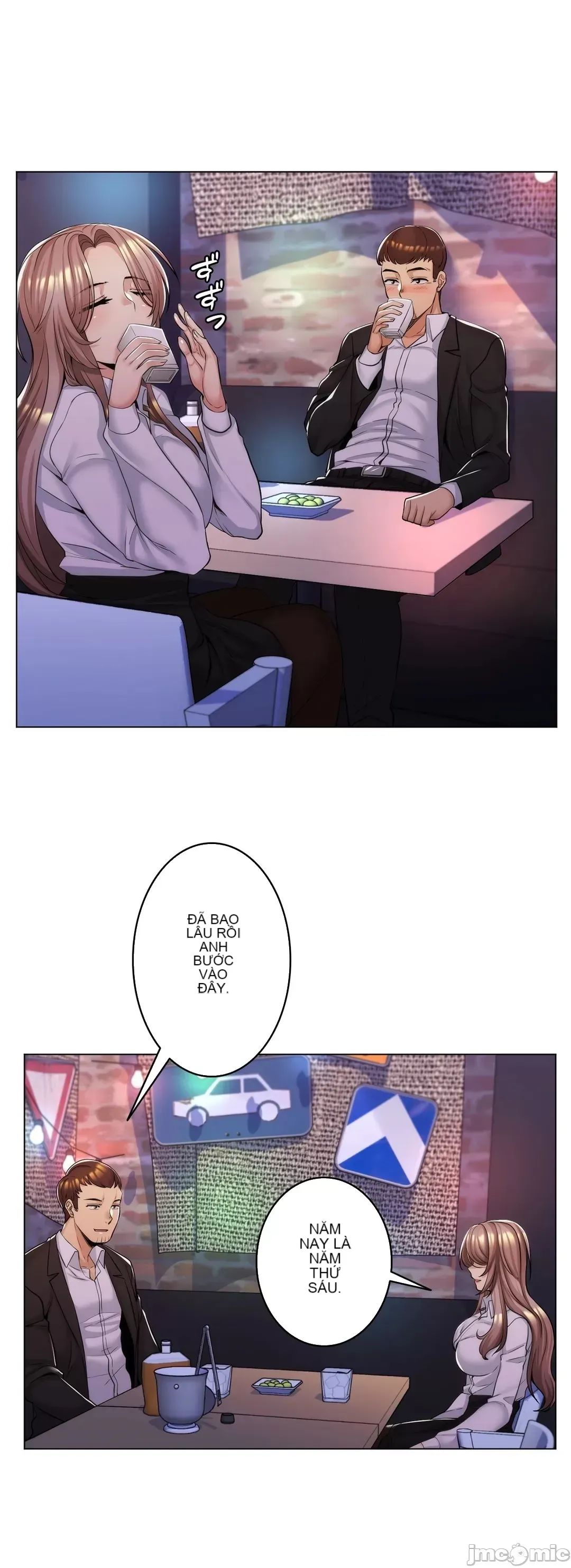 Mẹ kế của tôi thực ra là bạn gái của tôi Chương 01-50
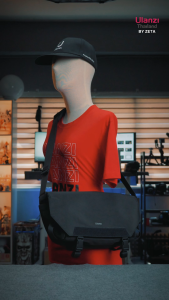 Ulanzi BC08 Camera Sling Bag กระเป๋ากล้องสะพายข้าง 9L GoPro DJI insta360 Mirrorless อุปกรณ์เสริม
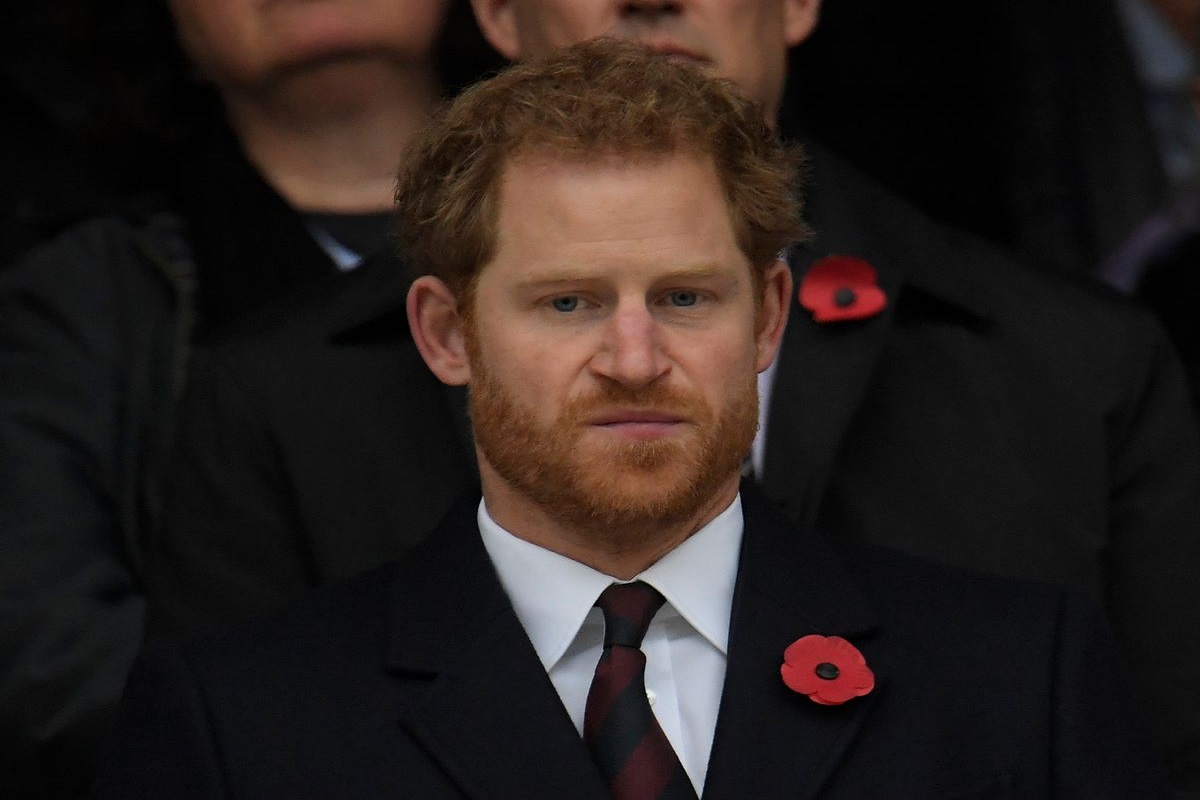 Prince Harry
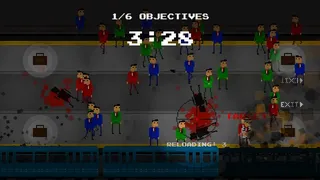 Скриншот 1 к игре Dead Drop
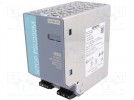 Zasilacz: impulsowy; 120W; 24VDC; 5A; Uzas:85÷264VAC; Montaż: DIN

· · · · ·

§ Your objective
Without the pictures, write out the whole listing exactly as it appears.

§ Exercise result
 Mẹ kế của tôi thực ra là bạn gái của tôi Chương 01-50
 Ulanzi BC08 Camera Sling Bag กระเป๋ากล้องสะพายข้าง 9L GoPro DJI insta360 Mirrorless อุปกรณ์เสริม
 Prince Harry
 Скриншот 1 к игре Dead Drop
 Zasilacz: impulsowy; 120W; 24VDC; 5A; Uzas:85÷264VAC; Montaż: DIN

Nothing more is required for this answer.